Seit dem 2. Dezember 2005 erweist sich sohin dessen weitere Anhaltung nicht als rechtswidrig.

2.5. Aus allen diesen Gründen war daher der gegenständlichen Beschwerde insoweit stattzugeben, als die Anhaltung des Rechtsmittelwerbers in Schubhaft vom 24. November 2005 bis einschließlich 1. Dezember 2005 als rechtswidrig festzustellen war; im Übrigen war diese hingegen abzuweisen und festzustellen, dass die Anhaltung seit dem 2. Dezember 2005 rechtmäßig ist und gemäß § 73 Abs. 4 FrG die für die Fortsetzung der Schubhaft maßgeblichen Voraussetzungen derzeit weiterhin vorliegen.

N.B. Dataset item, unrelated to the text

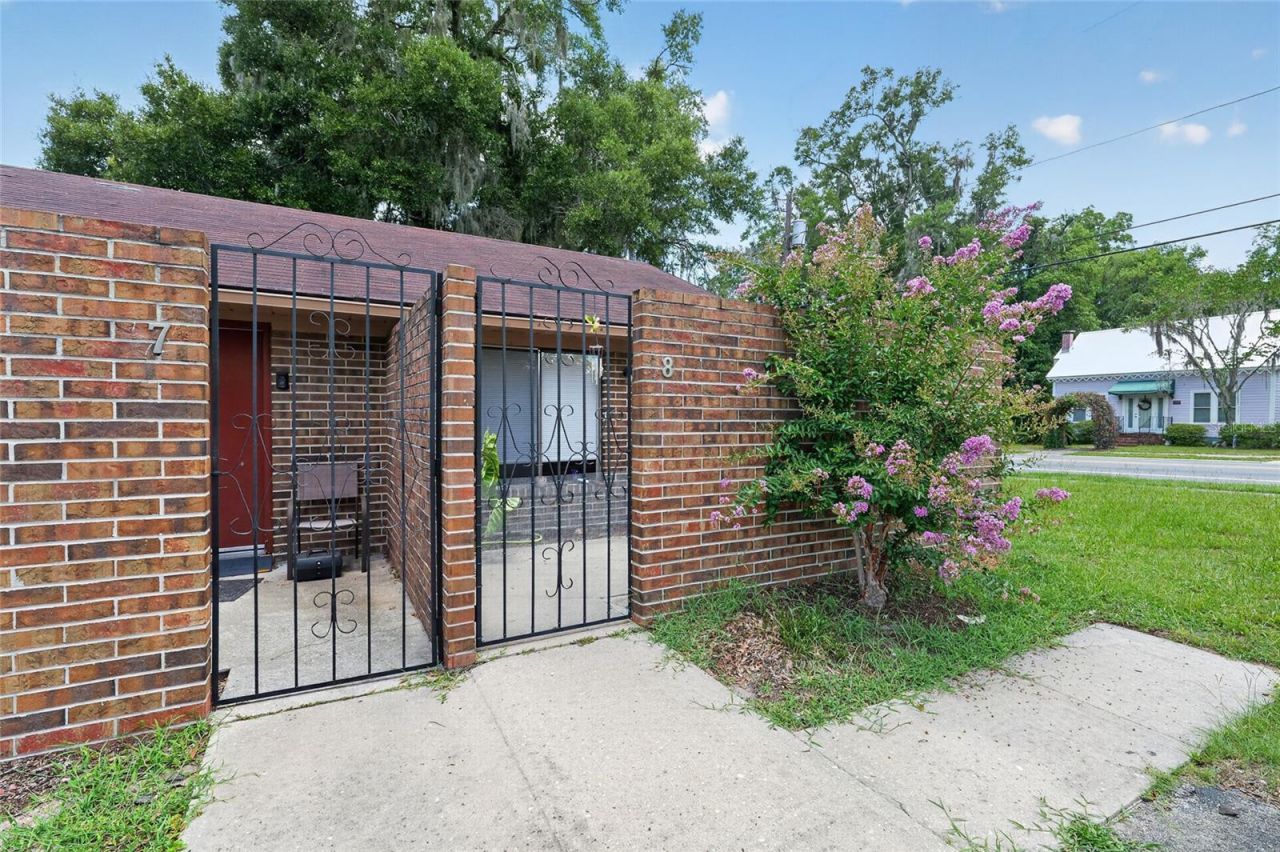 18580 NW 234th Street, High Springs, FL 32643 Photo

3.1. Bei diesem Verfahrensergebnis waren dem Beschwerdeführer gemäß § 79a Abs. 1, 2 und 4 Z. 1 und 3 AVG i.V.m. § 1 Z. 1 der UVS-Aufwandersatzverordnung, BGBl.Nr. II 334/2003 (im Folgenden: AufwEVO), antragsgemäß Kosten in Höhe von insgesamt 673,80 Euro (Gebühren: 13 Euro; Schriftsatzaufwand: 660,80 Euro) zuzusprechen.

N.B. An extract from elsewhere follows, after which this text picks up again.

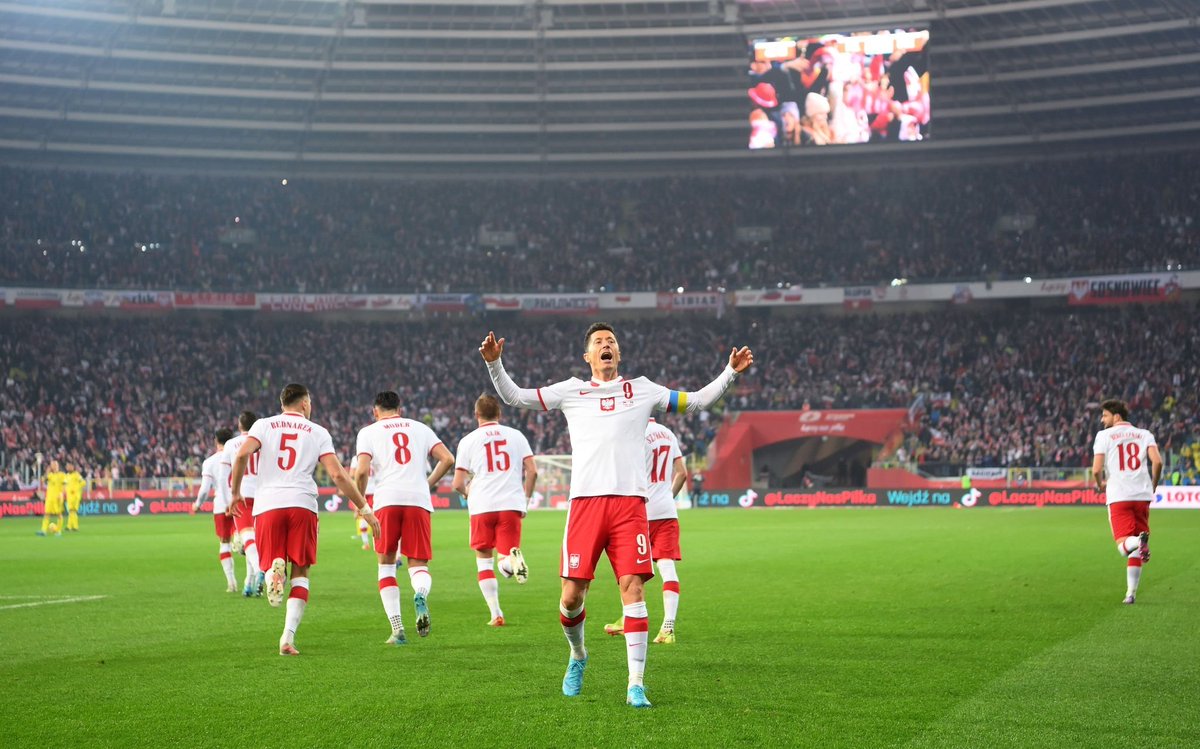 iMiaSanMia's tweet photo. Official: Robert Lewandowski and Poland are through to the World Cup 🇵🇱 https://t.co/n8Tdtn9I4B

3.2. Im Übrigen waren dem Bund (Verfahrenspartei: Bezirkshauptmann von Vöcklabruck) gemäß § 79a Abs. 1, 3 und 4 Z. 3 AVG i.V.m. § 1 Z. 3 und 4 AufwEVO antragsgemäß Kosten in Höhe von insgesamt 271,80 Euro (Vorlageaufwand: 51,50 Euro; Schriftsatzaufwand: 220,30 Euro) zuzusprechen.

Rechtsmittelbelehrung:

Gegen diesen Bescheid ist kein ordentliches Rechtsmittel zulässig.

Hinweis:

1. Gegen diesen Bescheid kann innerhalb von sechs Wochen ab seiner Zustellung eine Beschwerde an den Verfassungsgerichtshof und/oder an den Verwaltungsgerichtshof erhoben werden; diese muss - von gesetzlichen Ausnahmen abgesehen - jeweils von einem Rechtsanwalt unterschrieben sein. Für jede dieser Beschwerden ist eine Gebühr von 180 Euro zu entrichten.

2. Im gegenständlichen Verfahren sind Gebühren in einer Höhe von 13 Euro entstanden; ein entsprechender Zahlschein liegt bei.